Mistake: Improper shingle nailing. Problem: Potential for roof blow-off. Proper design: Install the proper amount of shingles required by the manufacturer in the specific geographic wind zone. Most three-tab shingles require four nails in typical applications and six nails in high-velocity wind zones. The placement of the nails is as important as the number of nails. Place nails in the manufacturer’s required placement areas. Most dimensional shingle manufacturers now provide shingle placement zones. Nails should be driven straight into the deck; avoid nailing from an angle. Nails should penetrate through the deck a minimum of 3⁄4 of an inch. Standard roofing nails have barbed shanks and are typically 11- or 12-gauge nails with 3⁄8-inch to 7⁄16-inch diameter heads.
The recent increase in storm frequency and the number of high-velocity wind events throughout the United States is prompting changes in the roofing industry. While last year was relatively mild, attachment procedures for all roof systems - steep slope and low slope - are being scrutinized in the wake of the damaging hurricanes of the previous few years, and code changes are imminent. Stringent building codes and tightened regulations were enacted in South Florida after Hurricane Andrew in 1992, and the severe weather events of 2004 and 2005 are the driving force behind other proposed code changes.
Some codes have already been altered to reflect the need for increased attachment methods. In 2004, the International Building Code enacted new high-wind performance standards for asphalt shingles. The standards, published in the 2004 IBC Supplement, provide attachment criteria for asphalt shingles in high-velocity wind zones where wind speeds reach up to 150 mph. The new asphalt shingle standards are based ANSI/UL2390-04, “Test Method for the Wind Resistance of Asphalt Shingles with Sealed Tabs,” and ASTM D6381, “Measurement of Asphalt Shingle Mechanical Uplift Resistance.” Adoption of these standards was reached through the promotion of the Asphalt Roofing Manufacturers Association (ARMA), which spent nearly 15 years assisting code officials, wind engineers and insurance companies with research and development of new test methods for asphalt shingle performance in high-wind situations.

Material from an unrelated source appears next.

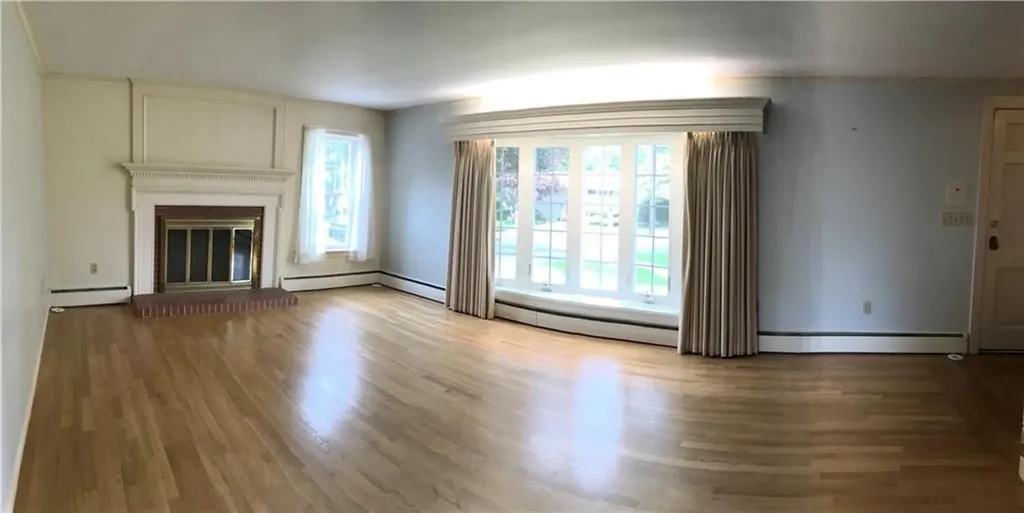 33 Red Gate Road Cumberland RI 02864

The primary advantage of the code adoption is that designers, contractors, building owners and homeowners now have standards for proper asphalt shingle selection in high-velocity wind zones. It also provides code enforcement officials with guidelines for enforcement of material selection and application methods. Until this time, many code officials would not allow the use of asphalt shingles in high-velocity wind zones due to the fact that there were no wind-uplift resistance standards.
The roof deck sheathing should be manufactured of structural plywood or OSB board in the nominal thickness range of 7⁄16 to ⅝ inches. Nails should be used to secure the decking to the structural trusses. Acceptable nails for this securement procedure are 8d common nails (0.131 inches by 2.5 inches long), 10d box nails (0.128 inches by 3 inches long) or power-driven nails (0.113 inches by 2⅜ inches long). If the trusses are spaced 16 inches on center or less, then the decking should be fastened at a minimum rate of 6 inches on center. If the trusses are spaced 24 inches on center, then the decking should be fastened at a minimum rate of 4 inches on center. Truss spacing should be in compliance with local code requirements.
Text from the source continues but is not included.